Advanced Three-dimensional optical microscopy
Confocal laser scanning microscopy and computational optical sectioning microscopy are integrated, as 3D methods, with light sheet optical microscopy, a view displaced 90 degrees apart of selected planes of illumination (SPIM) able to remove undesired information plane by plane, and two-photon excitation (2PE) microscopy, allowing a physical selection of the imaged details in the three-dimensional space due to the non-linear process of excitation of fluorescence and on the consequent red-shift offering a better penetration depth. Both approaches reduce overall photobleaching of the specimen and can take advantage of the super-resolution approaches, namely: IML-SPIM (IML - Individual Molecule Localization SPIM) and 2PE-STED.
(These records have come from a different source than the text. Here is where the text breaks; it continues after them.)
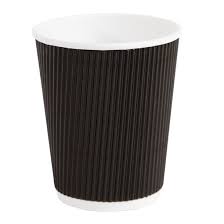These disposable coffee cups are strong and sturdy, thus will avoid the spilling of beverages while drinking. Fiesta Disposable Coffee Cups Ripple Wall Black 225ml 8oz P Cm540 Buy Online At Nisbets
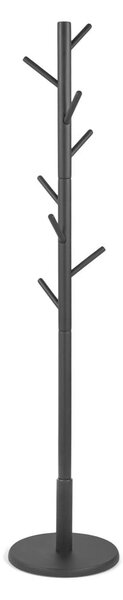 Crna vješalica od masivnog kaučuka ø 36x170 cm Bro – Spinder Design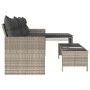 L-shaped garden sofa with table and light gray PE rattan cushions by , Outdoor sofas - Ref: Foro24-365577, Price: 251,28 €, D...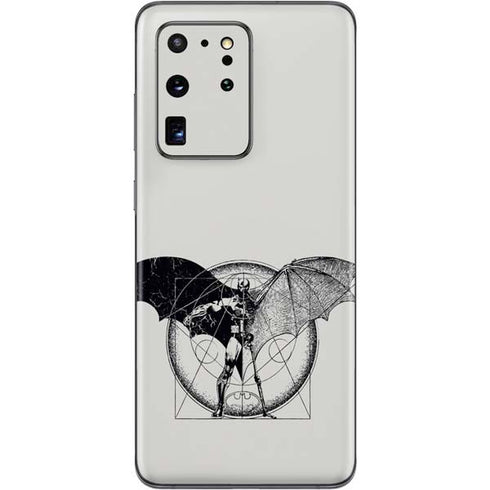 DC Comics Batman Skeleton diagram Art Galaxy S20 Ultra 5G Skin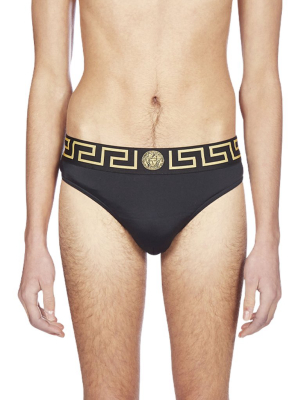 Versace Greca Border Swim Briefs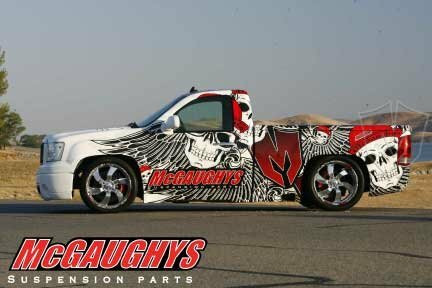 GMC Sierra 1500 Quad Cab 2007-2013 4/7 Deluxe Drop Kit - McGaughys Part# 34003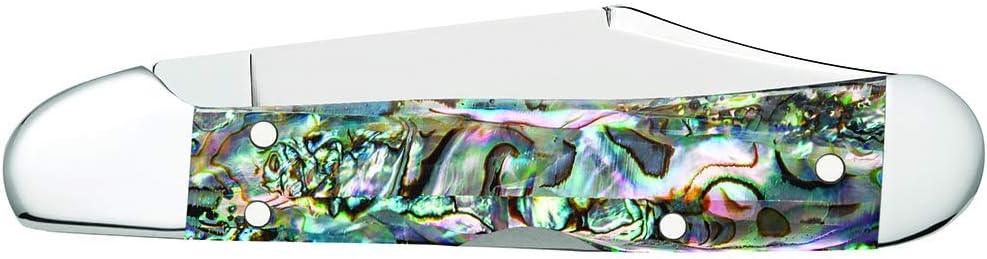 Case WR XX Pocket Knife Abalone Mini Copperlock Item #12020 3 5/8 Inches - NORTH RIVER OUTDOORS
Atomic Force Microscopy (AFM)
Atomic force microscopy allows getting information at the molecular level with the constraint of being an a-specific and surface microscopy technique. However, information about the physical properties of the sample, for example, local elasticity, can be collected beyond molecular and atomic imaging at room temperature or in liquid. The coupling with optical nanoscopy methods widens in a significative way its utilization in life sciences, biophysics and nanoscale biophysics.
Correlative microscopy
Due to its function, optical nanoscopy can often be used with other high-resolution methods. The resolution of both electron and atomic force microscopy is even better than optical nanoscopy resolution, but by combining E.M. or AFM with optical super-resolution, it’s possible to achieve chemical sensitivity and specificity at unprecedented resolution. Nonetheless, all the quantitative information collectable by advanced fluorescence methods applied to live specimens can be correlated with nanoscale morphological imaging of non-optical techniques. The correlative approach opens an essential window on the interpretation of super-resolved fluorescence microscopy images.